Given these results, we hypothesize that CYP2C19 rs424428 might be involved in a common pathway, the deregulation of which, in addition to other specific genetic factors, may lead to the different MetS associated traits. This hypothesis is corroborated by the fact that, when we test associations between each MetS quantitative risk factor (waist circumference, BP, glucose, TG and HDL blood levels) and the selected candidate SNPs, no association was found.
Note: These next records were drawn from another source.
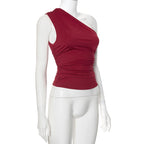 Women One-Shoulder Backless Tank Top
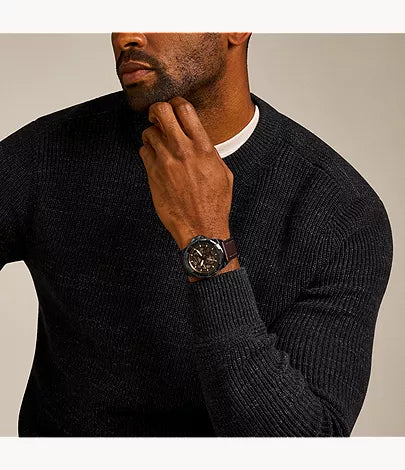 Fossil Bronson Automatic Brown LiteHide™ Leather Men's Watch - ME3219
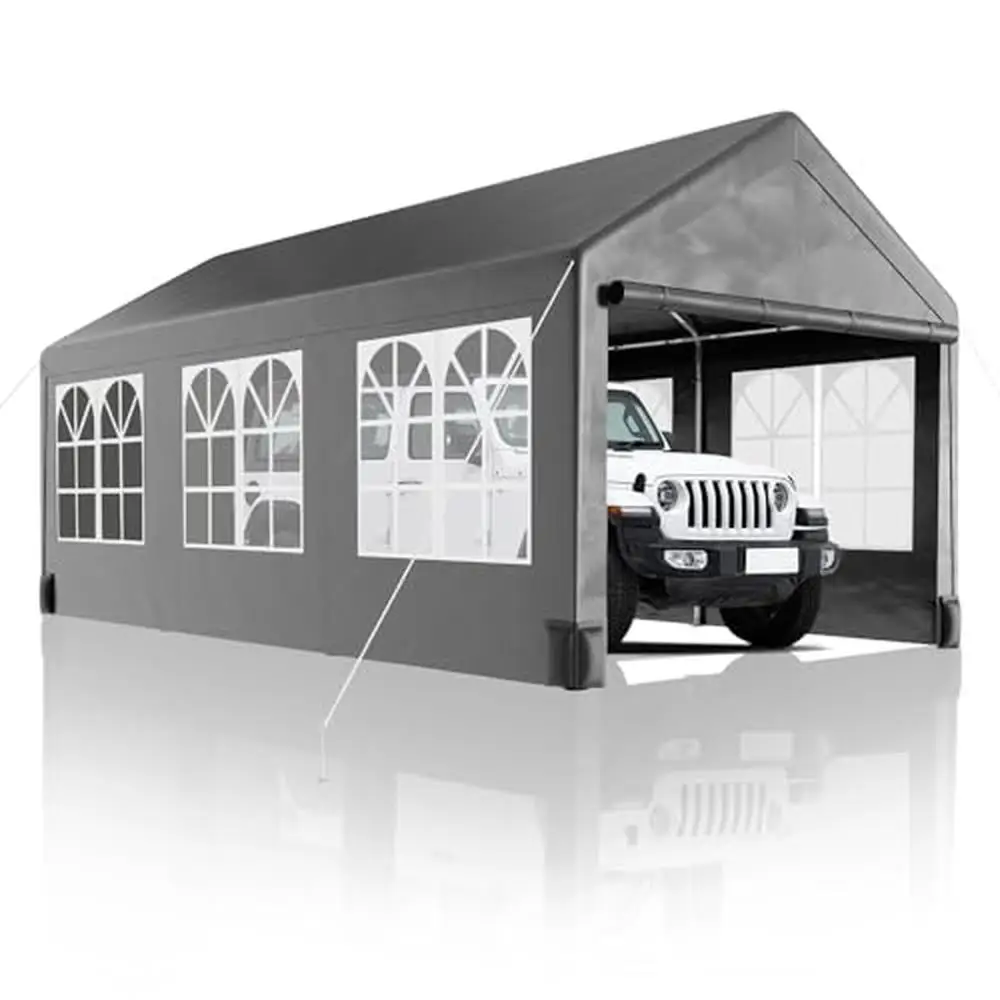 12'x20' Heavy Duty Portable Carport Garage with 4 Load-Bearing Sandbags Roll Up Mesh Window Pe Waterproof Sturdy Windproof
This finding suggests that there is a common basic pathway involving variants in CYP2C19 alone or in association with other genes that may lead to the development of MetS and associated traits, similarly to what has been described for the HLA or CTLA4 genes in the development of different autoimmune disorders [44].

Despite the fact that, further association and functional studies are necessary to highlight the role of CYP2C19 in MetS etiology, we think that these results may contribute to the identification of new therapeutic targets that may be useful in the treatment of the different clustered traits instead of treating them individually. Novel therapies targeted at these newly identified genes may be developed and consequently improve the outcome of patients affected by this disorder.

Conclusions

Our study represents an integrative approach to identifying genetic risk factors involved in MetS etiology, through a continuous MetS score obtained by PCA. This score alone explains over 63.0% of the phenotype, supporting the usefulness of a continuous MetS risk score, instead of the dichotomized MetS definition traditionally used in case-control studies.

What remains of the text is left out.